Evaluating the definite integral $\int_{-1}^1 \lfloor \arccos x \rfloor \,dx$ involving the greatest integer function 
Evaluating the definite integral $$\int_{-1}^1 \lfloor \arccos x \rfloor \,dx .$$

I tried it but unable to do as it is discontinuous.
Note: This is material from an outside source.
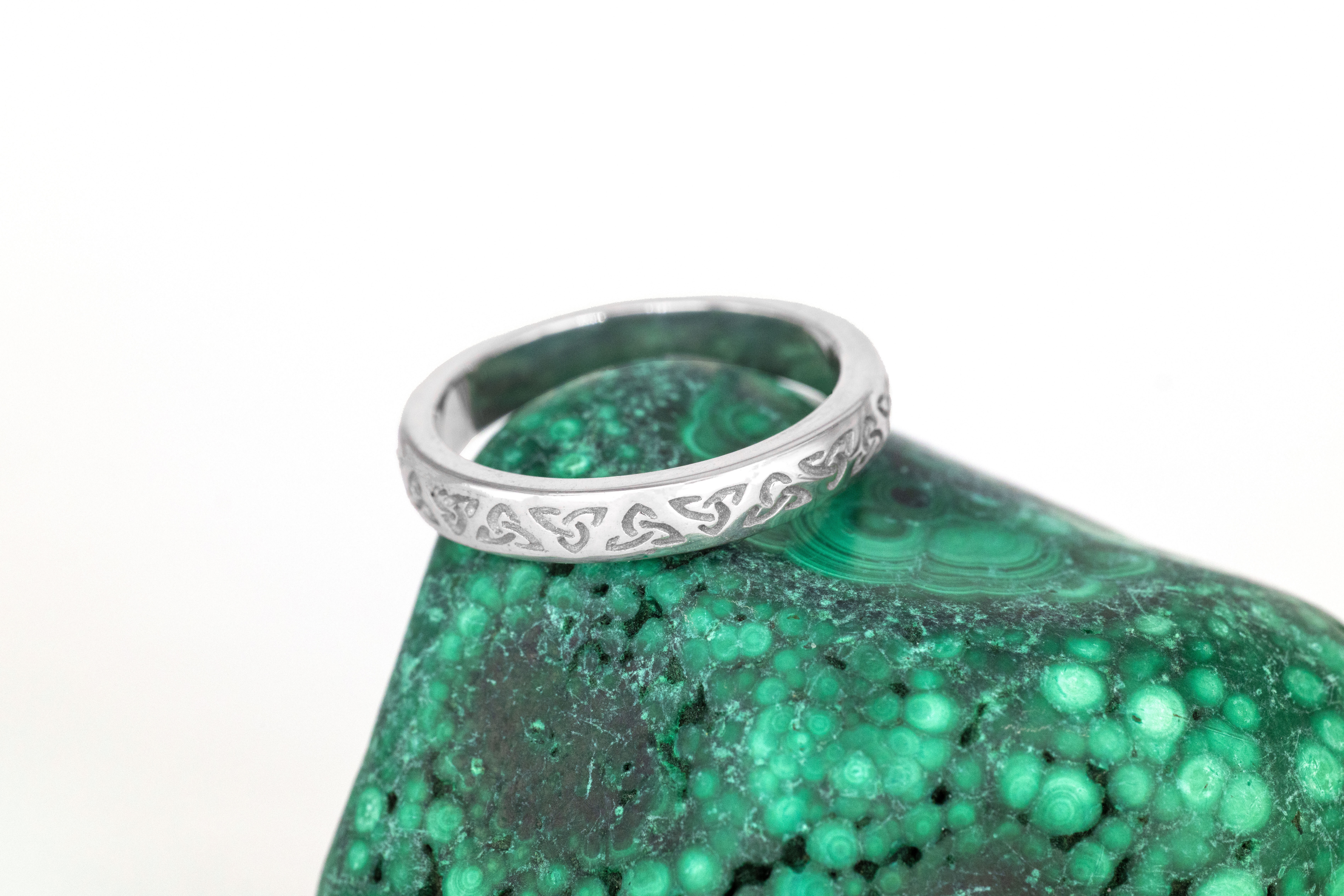 Womens Trinity Knot 5.5mm Ring in Real 18K White Gold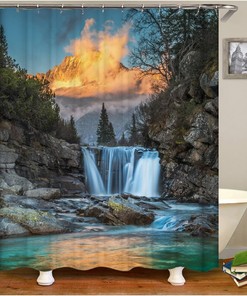 Vintage Waterfall And Mountain Shower Curtain For A Nostalgic Bathroom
Somebody told me that you should do this by drawing graph---how?
Can anybody please give me the start?

 A: Hint:
Use that arccosine is  a decreasing function, and that $\arccos(cos x)=x$ if $0\le x\le \pi$. Hence $f(x)=\lfloor\arccos x\rfloor$ is a step function, defined by:
$$f(x)=\begin{cases}3 &\text{if }\quad\!{-1}\le x\le\cos 3,\\2 &\text{if } \cos 3< x \le \cos 2, \\ 1  &\text{if } \cos 2< x\le \cos 1,\\ 0 &\text{if } \cos 1< x\le 1.\end{cases}$$
You should find $\enspace 3+\cos 1+\cos 2+\cos 3$.
A: In terms of indicator functions, $$\lfloor \arccos(x)\rfloor = 3\Bbb{1}_{[-1,b)} + 2\Bbb{1}_{[b,c)} + \Bbb{1}_{[c,d)}$$ where $b$, $c$ and $d$ are the points at which the $\arccos$ graph hits $3, 2$ and $1$ $$ \implies \int_{-1}^{1} \lfloor \arccos(x) \rfloor \text{ d}x \ = \  3(b+1) \Bbb{1}_{[-1,b)} + 2(c-b)\Bbb{1}_{[b,c)} + (d-c)\Bbb{1}_{[c,d)}$$

 If you haven't yet met the indicator function, $\Bbb{1}_{[a,b]}$ simply means that we take the value $1$ when $a \leqslant x \leqslant b$ and $0$ elsewhere i.e. $$ \Bbb{1}_{[a,b]} = \begin{cases} 1 & a \leqslant x \leqslant b \\ 0 & \text{ else} \end{cases} $$


In more plain English, your integral is simply a sum of the areas of rectangles of widths $b+1$, $c-b$ and $d-c$ with respective heights $3, 2$ and $1$.
All you gotta do is find $b, c$ and $d$. The graph's below if you wanna have a go first and compare afterwards!

 $\hskip1in$ 

A: The floor function creates a step function which can be rewritten as
$$\begin{cases}\begin{align}
[\cos\pi,\cos3]&\to3\\
(\cos3,\cos2]&\to2\\
(\cos2,\cos1]&\to1\\
(\cos1,\cos0]&\to0.\\
\end{align}\end{cases}$$
The the Riemann integral is the sum of the rectangle areas,
$$3(\cos3-\cos\pi)+2(\cos2-\cos3)+(\cos1-\cos2).$$